Article by Scott Sweatman, ©2005 Blake, Cassels & Graydon LLP

Age discrimination in the pension world comes in various forms, including mandatory retirement provisions, timing of receipt of benefits and disparate employer contributions, to name a few. While contrary to human rights principles, federal and provincial laws create exemptions for aged-based discrimination that is incidental to a pension plan. Employers designing and administering pension plans can also rely on a Supreme Court of Canada (SCC) case providing basic guidelines on when age-discriminatory practice is acceptable.

Other than in Ontario, Québec and the Yukon, human rights legislation in each province and territory provides that prohibitions against age discrimination do not apply to the “operation of a bona fide retirement or pension plan.” In some legislation, the phrase “bona fide” is replaced with “genuine” or “good faith,” but the concept is the same. Courts and other adjudicative bodies have said this exception applies where the discriminatory practice:

  • is imposed in good faith;

  • is based upon sound and accepted pension industry practice; and

  • there is no practical alternative to the discriminatory practice.

These three principles arise from the SCC’s decision in Zurich Insurance Co. v. Ontario (Human Rights Commission). Any discriminatory practice based on age in the pension context in these provinces must pass muster under this test.

Legislative Variations Across Canada

In most provinces, employment standards and pension laws do not contradict human rights legislation. They are largely silent on discriminatory practices involving pensions. Alberta Finance, however, has published a policy bulletin to supplement its provincial enactment that states a defined contribution formula must be acceptable to the Superintendent of Pensions and that a defined contribution policy that increases rates by steps based solely on age will not be permitted.

Yukon human rights legislation does not expressly address age discrimination in pension plans, but includes very broad language providing that discriminatory treatment will not be considered discriminatory for the purposes of the human rights legislation if there are “other factors establishing reasonable cause for the discrimination.”
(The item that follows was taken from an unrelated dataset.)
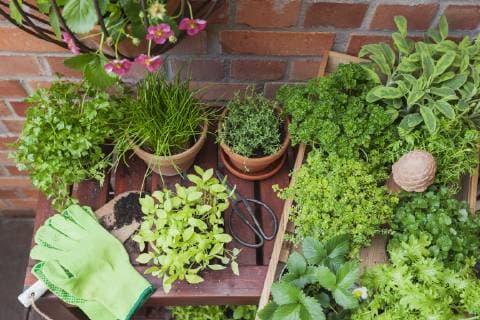 Various potted spice plants on terrace  GWF05790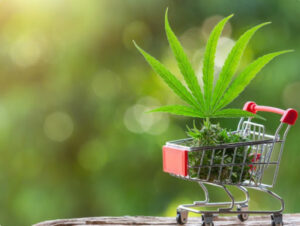 Shopping cart with cannabis flower and leaf represents buying quality cannabis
Ontario’s legislation sets out specific allowances for age discrimination in pension plans through various provisions found in human rights, employment standards and pensions legislation. Ontario’s Human Rights Code, for example, grants every person the right to equal treatment with respect to employment without discrimination because of age. However, Section 25(2) states this right will not be infringed by an employee pension plan that complies with the Employment Standards Act (ESA) and its regulations.
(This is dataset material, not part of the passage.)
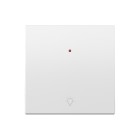 TECLA INDIV. C/VISOR-GRABADO LUZ P BL 36010016-190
Under the ESA, an employer may not provide or offer a benefit plan that treats employees differently based upon age, except in prescribed circumstances. Under the regulations, employer contributions to a “unit-benefit” or “defined benefit” pension plan may vary based upon age. Other forms of permitted differentiation relate to the rates of voluntary additional contributions to a pension plan and the rates of contributions that an employee is required to make to a “money-purchase” or “profit-sharing” pension plan.

Additionally, the prohibition in ESA’s subsection 44(1) does not apply to a differentiation that relates to the rates of contributions by an employer to a money purchase or profit-sharing pension plan: i) when the employer transfers the assets from a unit-benefit or defined-benefit pension plan to the money purchase or profit-sharing pension plan; and ii) if the differentiation is made to protect employees’ pension benefits from being adversely affected by the transfer.

Finally, the Regulations permit differentiation relating to benefits payable to employees, if the Pension Benefits Act (Ontario) allows the differentiation or is inapplicable to the pension plan. The Regulations clarify the stipulation that a differentiation be determined on an actuarial basis applies only to the exemptions relating to employer contributions to a unit-benefit or defined-benefit plan and to an employer’s transfer of assets to a money-purchase or profit-sharing plan.

Québec’s human rights legislation appears to deem age distinctions in a retirement or pension plan to be non-discriminatory if the distinction that is made is based upon actuarial data. Québec’s stance on age discrimination in the context of pension plans is in its Charter of Human Rights and Freedoms, which articulates every person’s right to full and equal recognition without distinction, exclusion or preference based on age, except as provided by law, amongst other exceptions.

Section 20.1, however, deems a distinction based on age in a retirement or pension plan to be non-discriminatory where the distinction is warranted and “the basis for it is a risk determination factor based on actuarial data.” This provision may serve as the basis for any number of discriminatory circumstances. In light of the express language, it is unclear if any of the principles in Zurich would apply to a scenario relating to the Québec statute. The Zurich test focuses on determining whether a pension plan is “bona fide” pursuant to the relevant provincial and territorial statutes. The Québec legislation does not appear to raise this inquiry.

Federal Legislation

Federal human rights legislation also expressly permits discrimination based on age, in some forms, in the pension context. It is not a discriminatory practice, for example, if the terms and conditions of any pension plan provide for the compulsory vesting or locking-in of pension contributions at a fixed or determinable age in accordance with the federal pension legislation, the Pension Benefits Standards Act, 1985.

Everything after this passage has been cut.